While both Microsoft and Sony will be showing more of their next-gen consoles at during the pre-E3 2013 festivities, Nintendo is sitting this one out. This will be the first E3 in recent memory where one of the big three (Microsoft, Nintendo, Sony) does not hold a press conference.
Instead Nintendo plans to focus on smaller, software-focused events rather than one big presentation geared towards an international audience. Along with what we assume will be Nintendo’s usual show-floor presence, will be an event for American distributors and “hands-on experiences for Western gaming media.”

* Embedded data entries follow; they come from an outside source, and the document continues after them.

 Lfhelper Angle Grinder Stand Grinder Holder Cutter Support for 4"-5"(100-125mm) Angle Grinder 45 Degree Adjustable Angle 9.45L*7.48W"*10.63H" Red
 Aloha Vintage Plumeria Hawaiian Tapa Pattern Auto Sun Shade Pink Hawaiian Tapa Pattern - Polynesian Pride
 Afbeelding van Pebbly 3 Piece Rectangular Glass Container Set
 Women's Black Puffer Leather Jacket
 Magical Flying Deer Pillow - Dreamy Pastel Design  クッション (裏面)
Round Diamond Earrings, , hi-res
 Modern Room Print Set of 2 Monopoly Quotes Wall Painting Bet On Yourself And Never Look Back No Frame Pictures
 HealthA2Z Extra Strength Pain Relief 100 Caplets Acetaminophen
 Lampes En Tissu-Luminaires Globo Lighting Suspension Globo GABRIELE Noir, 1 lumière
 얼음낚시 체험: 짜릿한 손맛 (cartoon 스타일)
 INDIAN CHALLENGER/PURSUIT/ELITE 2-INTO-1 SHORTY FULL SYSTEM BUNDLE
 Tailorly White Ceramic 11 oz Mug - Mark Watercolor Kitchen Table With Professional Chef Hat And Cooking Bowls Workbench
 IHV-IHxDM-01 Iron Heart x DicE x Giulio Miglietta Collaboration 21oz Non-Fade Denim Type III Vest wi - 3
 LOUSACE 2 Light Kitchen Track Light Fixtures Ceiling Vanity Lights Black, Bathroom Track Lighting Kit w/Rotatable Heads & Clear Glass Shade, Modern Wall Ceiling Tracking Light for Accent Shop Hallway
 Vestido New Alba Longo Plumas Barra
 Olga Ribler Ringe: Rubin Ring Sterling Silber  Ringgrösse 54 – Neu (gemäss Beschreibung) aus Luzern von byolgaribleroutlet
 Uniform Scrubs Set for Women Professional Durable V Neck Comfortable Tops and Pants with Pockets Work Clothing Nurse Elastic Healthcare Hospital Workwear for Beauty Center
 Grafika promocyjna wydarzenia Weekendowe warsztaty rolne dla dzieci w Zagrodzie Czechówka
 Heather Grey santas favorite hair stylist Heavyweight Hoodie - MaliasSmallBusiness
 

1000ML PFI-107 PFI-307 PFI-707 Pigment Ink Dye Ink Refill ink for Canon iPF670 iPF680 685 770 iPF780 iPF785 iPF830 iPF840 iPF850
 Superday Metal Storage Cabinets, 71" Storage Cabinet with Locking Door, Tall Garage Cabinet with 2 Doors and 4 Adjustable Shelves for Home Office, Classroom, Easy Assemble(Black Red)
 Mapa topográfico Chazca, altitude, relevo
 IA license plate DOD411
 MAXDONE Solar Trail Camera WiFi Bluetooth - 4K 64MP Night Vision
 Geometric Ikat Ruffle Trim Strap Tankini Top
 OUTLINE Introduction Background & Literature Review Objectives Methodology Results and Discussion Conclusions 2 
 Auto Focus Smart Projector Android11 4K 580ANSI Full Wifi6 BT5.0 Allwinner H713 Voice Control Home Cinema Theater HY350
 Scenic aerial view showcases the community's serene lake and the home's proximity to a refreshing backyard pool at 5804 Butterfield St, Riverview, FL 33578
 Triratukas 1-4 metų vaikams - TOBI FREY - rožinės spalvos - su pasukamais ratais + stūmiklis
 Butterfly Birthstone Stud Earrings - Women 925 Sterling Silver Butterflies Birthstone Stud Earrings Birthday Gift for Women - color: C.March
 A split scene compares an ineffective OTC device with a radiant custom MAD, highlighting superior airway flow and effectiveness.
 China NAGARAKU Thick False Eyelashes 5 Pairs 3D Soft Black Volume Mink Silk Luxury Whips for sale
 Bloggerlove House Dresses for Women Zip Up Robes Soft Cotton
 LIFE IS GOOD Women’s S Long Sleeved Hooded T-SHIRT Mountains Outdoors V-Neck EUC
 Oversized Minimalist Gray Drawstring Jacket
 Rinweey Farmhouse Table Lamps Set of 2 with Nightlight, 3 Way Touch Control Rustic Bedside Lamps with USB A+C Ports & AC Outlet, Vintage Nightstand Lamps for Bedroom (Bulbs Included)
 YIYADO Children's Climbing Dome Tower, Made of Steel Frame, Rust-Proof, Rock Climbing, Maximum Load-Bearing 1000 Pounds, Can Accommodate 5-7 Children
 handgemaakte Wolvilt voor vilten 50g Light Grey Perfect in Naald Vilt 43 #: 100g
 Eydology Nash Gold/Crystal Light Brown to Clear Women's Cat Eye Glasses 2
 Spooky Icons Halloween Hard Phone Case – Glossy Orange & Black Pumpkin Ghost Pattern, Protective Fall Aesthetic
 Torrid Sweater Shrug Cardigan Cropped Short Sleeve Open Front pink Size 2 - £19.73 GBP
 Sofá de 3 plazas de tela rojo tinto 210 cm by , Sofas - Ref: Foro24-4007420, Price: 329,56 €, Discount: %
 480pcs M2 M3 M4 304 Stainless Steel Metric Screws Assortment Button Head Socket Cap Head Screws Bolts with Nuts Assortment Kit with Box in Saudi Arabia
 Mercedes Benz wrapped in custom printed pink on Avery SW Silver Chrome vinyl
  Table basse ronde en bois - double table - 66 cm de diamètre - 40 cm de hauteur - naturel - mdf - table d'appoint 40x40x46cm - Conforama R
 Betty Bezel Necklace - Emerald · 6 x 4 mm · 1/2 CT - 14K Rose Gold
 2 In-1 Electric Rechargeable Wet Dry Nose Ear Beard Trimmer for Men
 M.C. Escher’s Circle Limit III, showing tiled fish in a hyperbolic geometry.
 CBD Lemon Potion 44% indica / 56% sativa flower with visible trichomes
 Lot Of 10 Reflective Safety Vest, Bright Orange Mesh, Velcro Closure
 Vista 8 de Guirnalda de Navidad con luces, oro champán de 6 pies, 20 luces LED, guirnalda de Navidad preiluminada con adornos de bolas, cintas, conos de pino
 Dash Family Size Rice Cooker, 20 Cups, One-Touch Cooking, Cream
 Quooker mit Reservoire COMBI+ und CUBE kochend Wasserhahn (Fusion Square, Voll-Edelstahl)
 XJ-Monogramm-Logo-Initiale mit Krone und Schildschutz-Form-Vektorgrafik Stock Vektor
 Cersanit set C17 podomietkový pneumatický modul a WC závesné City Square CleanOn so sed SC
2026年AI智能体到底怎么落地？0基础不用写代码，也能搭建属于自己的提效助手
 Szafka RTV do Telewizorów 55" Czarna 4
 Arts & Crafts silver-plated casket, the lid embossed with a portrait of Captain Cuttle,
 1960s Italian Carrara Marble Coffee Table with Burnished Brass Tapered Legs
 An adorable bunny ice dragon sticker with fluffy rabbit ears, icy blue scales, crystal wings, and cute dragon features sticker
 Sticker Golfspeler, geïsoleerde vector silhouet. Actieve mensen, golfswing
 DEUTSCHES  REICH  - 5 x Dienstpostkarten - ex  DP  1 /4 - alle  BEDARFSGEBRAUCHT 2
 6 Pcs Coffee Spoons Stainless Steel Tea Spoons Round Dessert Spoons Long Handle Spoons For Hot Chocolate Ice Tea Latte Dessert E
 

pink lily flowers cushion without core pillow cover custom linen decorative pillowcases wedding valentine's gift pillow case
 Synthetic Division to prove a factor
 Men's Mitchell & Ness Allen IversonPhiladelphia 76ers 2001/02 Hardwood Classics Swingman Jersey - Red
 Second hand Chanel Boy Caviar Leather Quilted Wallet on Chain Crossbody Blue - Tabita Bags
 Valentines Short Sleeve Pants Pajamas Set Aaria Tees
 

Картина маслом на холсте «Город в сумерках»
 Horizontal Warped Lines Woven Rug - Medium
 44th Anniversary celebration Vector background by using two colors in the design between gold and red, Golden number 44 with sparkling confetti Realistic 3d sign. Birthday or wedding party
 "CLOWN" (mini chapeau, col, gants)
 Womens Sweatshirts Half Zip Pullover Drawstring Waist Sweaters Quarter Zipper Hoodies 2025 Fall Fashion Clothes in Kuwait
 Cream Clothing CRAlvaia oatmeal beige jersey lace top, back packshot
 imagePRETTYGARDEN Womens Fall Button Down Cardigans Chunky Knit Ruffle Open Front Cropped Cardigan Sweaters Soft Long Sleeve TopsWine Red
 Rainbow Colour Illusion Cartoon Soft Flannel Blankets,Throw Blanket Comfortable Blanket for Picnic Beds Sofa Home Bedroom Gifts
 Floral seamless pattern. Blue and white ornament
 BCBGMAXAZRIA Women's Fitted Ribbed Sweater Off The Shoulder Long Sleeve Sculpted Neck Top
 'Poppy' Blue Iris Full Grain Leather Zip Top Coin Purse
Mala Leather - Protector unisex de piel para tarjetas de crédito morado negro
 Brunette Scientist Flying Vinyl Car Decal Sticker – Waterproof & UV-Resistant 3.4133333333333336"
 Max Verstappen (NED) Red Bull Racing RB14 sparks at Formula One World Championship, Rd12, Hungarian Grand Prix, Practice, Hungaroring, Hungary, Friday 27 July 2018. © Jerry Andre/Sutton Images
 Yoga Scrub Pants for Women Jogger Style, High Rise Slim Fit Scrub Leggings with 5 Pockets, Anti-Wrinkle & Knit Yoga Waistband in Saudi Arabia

Nintendo CEO Satoru Iwata broke the news during a financial call, shocking a lot of the gaming press and die-hard fans. Still, despite the general sense of alarm circulating after Iwata’s announcement there is still reason to be optimistic.
First and foremost, it’s important to point out that Nintendo has been struggling financially as of late. The Wii U hasn’t been selling quite as well as anyone hoped (or Nintendo expected), and so the publisher is likely trying to rein it in as far as unnecessary expenditures go.
As well, the company has been regularly holding Nintendo Direct presentations — livestreams where they unveil a new game, show new footage, or talk about updates to one of their consoles — which are almost like mini E3 press conferences. We’d imagine that a livestream is a tiny bit cheaper than renting out Los Angeles’ very spacious Nokia Theatre every year.
At the same time, the lack of a press conference brings up some pretty important questions, namely how will fans see all of these exciting games they were promised? Yes, there will plenty of press coverage and trailers to support Nintendo’s E3 2013 announcements, but will those be able to replace a pre-packaged presentation? Seeing Miyamoto come out on stage to unveil the next Zelda doesn’t generate quite as much hype as reading 700 words about a hands-on experience.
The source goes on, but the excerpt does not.